Given data:

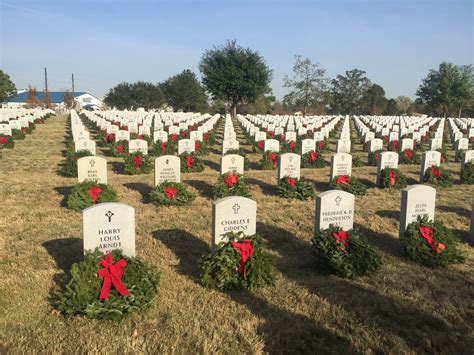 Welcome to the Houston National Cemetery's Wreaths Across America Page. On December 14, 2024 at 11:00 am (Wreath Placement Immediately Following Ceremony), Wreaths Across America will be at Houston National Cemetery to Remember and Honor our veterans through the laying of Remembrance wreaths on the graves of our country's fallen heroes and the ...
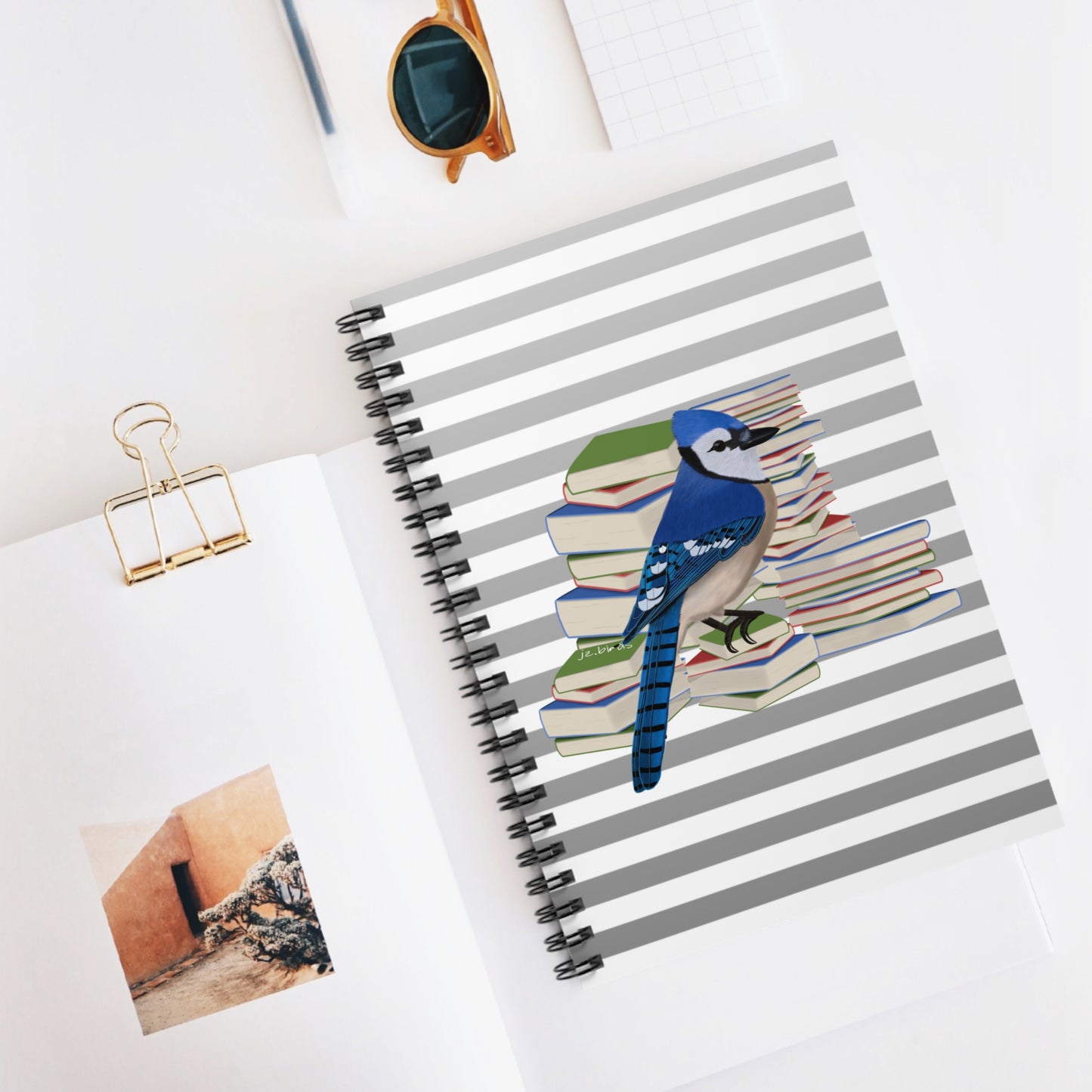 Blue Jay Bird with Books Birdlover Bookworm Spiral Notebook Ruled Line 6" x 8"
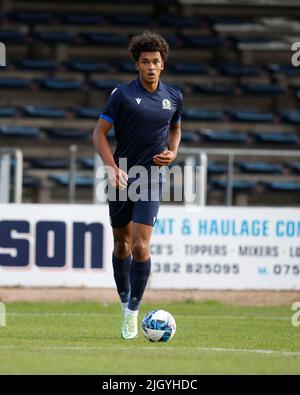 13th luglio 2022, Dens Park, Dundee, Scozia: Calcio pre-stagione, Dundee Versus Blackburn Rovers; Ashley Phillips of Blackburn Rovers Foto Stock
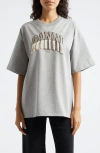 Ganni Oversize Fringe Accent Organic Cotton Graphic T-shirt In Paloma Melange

Task brief:
Make an exact copy of the listing above. Do not include the pictures.

Written reply:
 Welcome to the Houston National Cemetery's Wreaths Across America Page. On December 14, 2024 at 11:00 am (Wreath Placement Immediately Following Ceremony), Wreaths Across America will be at Houston National Cemetery to Remember and Honor our veterans through the laying of Remembrance wreaths on the graves of our country's fallen heroes and the ...
 Blue Jay Bird with Books Birdlover Bookworm Spiral Notebook Ruled Line 6" x 8"
 13th luglio 2022, Dens Park, Dundee, Scozia: Calcio pre-stagione, Dundee Versus Blackburn Rovers; Ashley Phillips of Blackburn Rovers Foto Stock
 Ganni Oversize Fringe Accent Organic Cotton Graphic T-shirt In Paloma Melange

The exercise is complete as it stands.